UN’INIZIATIVA DELLA SOCIéTEe’ DANTESQUE DE FRANCE

di Giuseppe Riccardo Succurro

A Parigi, nella Bibliothèque interuniversitaire de la Sorbonne, venerdì 13 dicembre 2024 alle ore 15:00, avrà luogo un interessante evento culturale organizzato dalla Société Dantesque de France. Verrà presentata l’edizione francese della pubblicazione di Gian Luca Potestà, “Dante en conclave, La lettre aux cardinaux “. Mentre inizia a Carpentras (primavera 1314) il conclave per scegliere il successore di Clemente V, Dante scrive ai cardinali italiani. Come un nuovo Geremia, lamenta l’avvenuto abbandono di Roma e li implora di trovare un’intesa contro i guasconi e lottare per un papa che chiuda la fase avignonese. L’appello prende forza dall’invettiva contro il defunto Matteo Rosso Orsini e il cugino Napoleone. L’antica inimicizia e le irriducibili divergenze fra i potenti cardinali romani avevano bloccato a lungo il conclave precedente, da cui era uscito infine eletto, a sorpresa, l’arcivescovo di Bordeaux (1305).
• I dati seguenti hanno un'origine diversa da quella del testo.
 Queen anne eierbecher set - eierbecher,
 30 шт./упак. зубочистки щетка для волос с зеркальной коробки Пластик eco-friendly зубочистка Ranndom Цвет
Dante li rimprovera in quanto principali responsabili di quella scelta dannosa, frutto di calcoli infondati, puntigli ottusi, accordi sacrileghi, da lui rievocati in scatti rapidi e allusivi. Il testo della Lettera, conservato in un solo manoscritto allestito dal giovane Boccaccio, è ricco di acrobazie sintattiche ed espressioni oscure. Creduto pieno di errori di copiatura, è stato sottoposto dai critici a correzioni spesso disinvolte e arbitrarie. Questo libro ritorna al testo tramandato e ne dà una nuova edizione il più possibile aderente ad esso. Decifrando integralmente per la prima volta riferimenti a personaggi, vicende e scritti dell’epoca, recupera una fonte importante per la storia della Chiesa romana dall’abdicazione di Celestino V al primo decennio avignonese. Conoscitore disincantato di conflitti di poteri e dinamiche di corruzione nelle gerarchie, Dante incarna una figura nuova di intellettuale, di laico che nella Chiesa rivendica la parola in virtù della sua fede e conoscenza dei fatti. Qui il poeta e letterato si presenta come profeta, fiero di proclamare da solo e dal basso ciò che tutti sanno, ma nessuno ha il coraggio di dire. Il testo non è un’esercitazione letteraria né una lettera aperta, ma un drammatico richiamo a non rassegnarsi e ad agire al più presto. Ricevuta e letta dai cardinali italiani, la Lettera offrì a Napoleone Orsini una traccia per la sua richiesta di aiuto rivolta poco dopo a Filippo il Bello: ultimo, vano tentativo di rovesciare l’esito di una prova ormai impari.